I took the Bacchianas to a lesson with my teacher Patricia Rozario, who has performed the piece many times. We worked mainly on the middle section, completely reworking the text - there was a bit of a discrepancy between what I had been taught by my Brazilian and Portuguese colleagues and what Patricia had been taught by various South American conductors. I was, of course, very happy to go with her suggestions! It turned out that in Brazilian Portuguese it's very important to pay attention to nasal sounds, the [ch] sound of [t] endings, and the way the [e] sounds more like an Italian [i]. This gave the text so much more colour and I felt that I could express the words so much more vividly - Brazilian Portuguese is so onomatopoeic. Patricia also encouraged me to pay more attention to the rhythmic differences between triplets and quavers/ semiquavers in the middle section, using the triplets as a vehicle to heighten musical tension approaching the fermata.
Click here for an audio clip from our lesson where Patricia talks about text and interpretation.
We then focused on finding a more voluptuous, sensual colour for the opening and on finding the optimum resonance for the recap - we decided that a closed [m] was actually more successful than an open [ng].
I then joined the cellists in the afternoon.
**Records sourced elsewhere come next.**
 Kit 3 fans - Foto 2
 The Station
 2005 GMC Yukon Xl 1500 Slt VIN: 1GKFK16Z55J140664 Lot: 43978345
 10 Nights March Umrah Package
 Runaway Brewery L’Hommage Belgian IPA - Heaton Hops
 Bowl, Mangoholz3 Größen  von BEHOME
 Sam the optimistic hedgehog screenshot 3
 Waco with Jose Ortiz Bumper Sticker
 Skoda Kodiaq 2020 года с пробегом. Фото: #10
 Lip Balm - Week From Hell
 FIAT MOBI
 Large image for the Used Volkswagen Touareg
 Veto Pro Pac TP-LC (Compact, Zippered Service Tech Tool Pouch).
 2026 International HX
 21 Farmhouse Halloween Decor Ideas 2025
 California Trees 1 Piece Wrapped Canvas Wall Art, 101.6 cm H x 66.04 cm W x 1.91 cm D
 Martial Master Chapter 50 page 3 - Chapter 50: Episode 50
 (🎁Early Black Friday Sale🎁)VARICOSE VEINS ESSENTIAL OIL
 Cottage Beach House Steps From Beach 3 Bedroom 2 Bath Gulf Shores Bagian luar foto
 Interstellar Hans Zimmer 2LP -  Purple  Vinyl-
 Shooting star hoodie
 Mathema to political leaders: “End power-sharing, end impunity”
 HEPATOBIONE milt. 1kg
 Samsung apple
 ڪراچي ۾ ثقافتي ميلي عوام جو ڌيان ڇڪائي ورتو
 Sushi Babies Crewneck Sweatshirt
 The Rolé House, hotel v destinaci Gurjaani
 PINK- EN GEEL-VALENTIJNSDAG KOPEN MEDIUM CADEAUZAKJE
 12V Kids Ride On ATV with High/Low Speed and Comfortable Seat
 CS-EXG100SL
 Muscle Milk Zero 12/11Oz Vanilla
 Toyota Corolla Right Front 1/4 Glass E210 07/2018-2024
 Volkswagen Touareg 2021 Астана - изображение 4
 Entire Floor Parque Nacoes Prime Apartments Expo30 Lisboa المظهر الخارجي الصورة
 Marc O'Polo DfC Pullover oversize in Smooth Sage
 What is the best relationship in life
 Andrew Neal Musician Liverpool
I shared Patricia's ideas on interpretation, and after a run through David focused on different ways to approach the ending so that the cellists could really support the singer on the difficult final note, for which I was very grateful! This is an aspect of musical collaboration that I really like, and there was definitely a sense that the rehearsal room was a safe space where we were not only able to experiment but to help each other.
To end the day, we ran the whole programme. David encouraged us to use the opportunity not as a rehearsal but as a performance where we could have time to take risks and experiment. It was extremely inspiring to watch the full programme of cello pieces, and to hear the huge variety of colours that a consort of cellos are able to make through different musical styles. It was also exciting to watch performers with such artistic integrity making really defined musical decisions. I think as singers we can often get lazy, not taking the time to find new textures, colours or articulations, becoming preoccupied with the sounds of our own voices and to an extent the text. I was particularly impressed with how the soloists in the Vivaldi (Urška and Helena) and Sollima (Joao and Thibault) threw themselves into the music with abandon. They seemed devoid of ego, letting the works of the composers be heard through their playing. This will be my aim for the performance tomorrow.